I’ve got a dataset with 5 columns: time, indicator 1, indicator 2, indicator 3, and result. The result shows True or False, based on certain conditions between the indicators over time.
For instance, one condition that leads to a True result is: if indicator 1 at time t-2 is higher than indicator 1 at time t, and indicator 2 at time t-5 is more than double indicator 2 at time t, then the result is True.

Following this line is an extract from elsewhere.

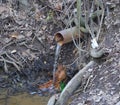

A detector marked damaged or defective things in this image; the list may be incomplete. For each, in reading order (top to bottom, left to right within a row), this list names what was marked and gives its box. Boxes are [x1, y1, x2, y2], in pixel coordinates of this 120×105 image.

rusty metal pipe [54, 26, 84, 45]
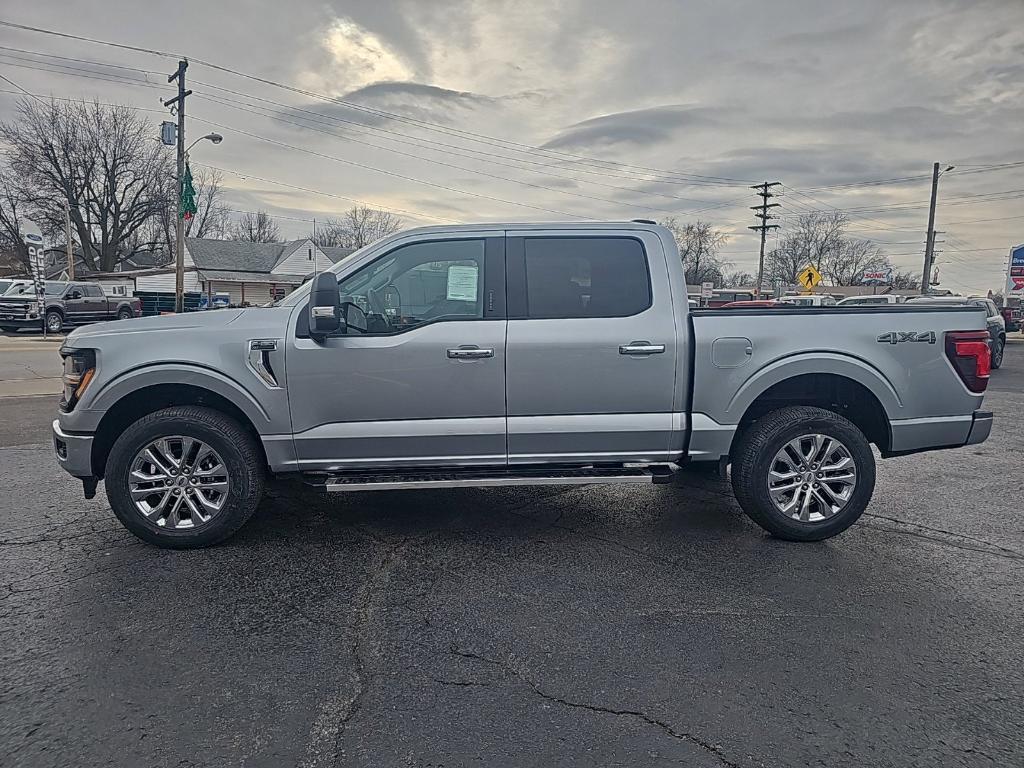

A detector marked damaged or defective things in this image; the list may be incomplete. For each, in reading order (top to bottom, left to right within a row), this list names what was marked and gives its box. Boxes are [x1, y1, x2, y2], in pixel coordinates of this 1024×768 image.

cracked pavement [2, 344, 1024, 768]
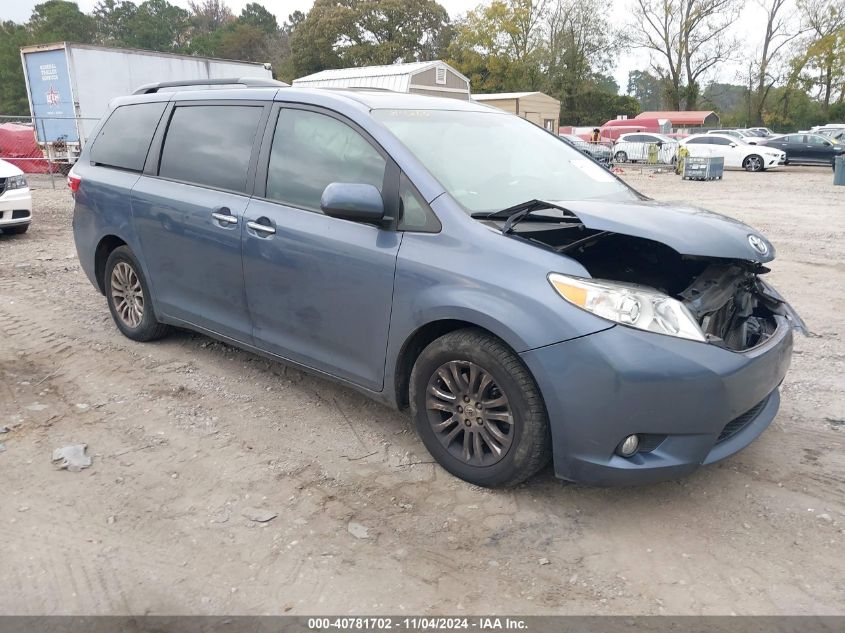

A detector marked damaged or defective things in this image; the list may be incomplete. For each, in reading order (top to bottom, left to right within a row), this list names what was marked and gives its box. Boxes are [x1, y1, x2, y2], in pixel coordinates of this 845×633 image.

Other conditions give a False result.
I’m working on training a machine learning model on this data, but I’m unsure if I should include these conditions explicitly as features during the learning process, or if the model will naturally learn these relationships on its own.
What kind of model would work best for this problem, and should I manually add these conditions, or let the model figure them out?

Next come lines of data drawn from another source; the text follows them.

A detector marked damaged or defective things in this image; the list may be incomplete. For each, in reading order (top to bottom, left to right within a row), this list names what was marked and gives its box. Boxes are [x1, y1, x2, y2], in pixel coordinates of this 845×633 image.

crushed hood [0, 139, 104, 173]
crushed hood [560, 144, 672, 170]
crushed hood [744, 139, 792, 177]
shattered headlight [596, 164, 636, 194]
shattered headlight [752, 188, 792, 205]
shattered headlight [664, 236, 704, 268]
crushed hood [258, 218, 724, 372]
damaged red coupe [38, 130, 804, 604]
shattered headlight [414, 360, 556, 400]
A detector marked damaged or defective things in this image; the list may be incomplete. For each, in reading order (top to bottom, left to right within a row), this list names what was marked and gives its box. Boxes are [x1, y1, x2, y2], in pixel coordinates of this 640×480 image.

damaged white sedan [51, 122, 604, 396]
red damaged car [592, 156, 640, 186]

>I’m working on training a machine learning model on this data, but I’m unsure if I should include these conditions explicitly as features during the learning process, or if the model will naturally learn these relationships on its own
Most models can pick up on these patterns themselves, but adding features explicitly can help improve the model’s performance. It allows the model to focus on predictions instead of figuring out these patterns. So, yeah, I’d recommend including those conditions as features if you have the time and resources. (Just be sure to dummy code them properly with 1s and 0s.)
>What kind of model would work best for this problem?
Decision trees or random forests should do really well if your features are solid. Personally, I tend to experiment with neural networks a lot, but that’s just my style.
@Vinnie
Thanks a lot! I have a follow-up: what if the result isn’t just True/False but has levels like 0, 1, 2, and 3? Would this change the approach? Would models like decision trees or random forests still be effective for this multiclass setup (since the levels increase sequentially), or should I look at it as a regression problem?
@Tully
>what if the result isn’t just True/False but has levels like 0, 1, 2, and 3
It depends on what those “levels” mean. If 0 is actually less than 1, which is less than 2, and so on (meaning there’s a real order to them), then you’d treat it like a regression problem. But if the levels are just labels (like you could swap them with “A,” “B,” “C,” etc.), then stick with classification. Decision trees and random forests can handle both setups without much trouble. If you share more specifics, I could suggest what to do, but no pressure if you’d rather not. Let me know if you have more questions!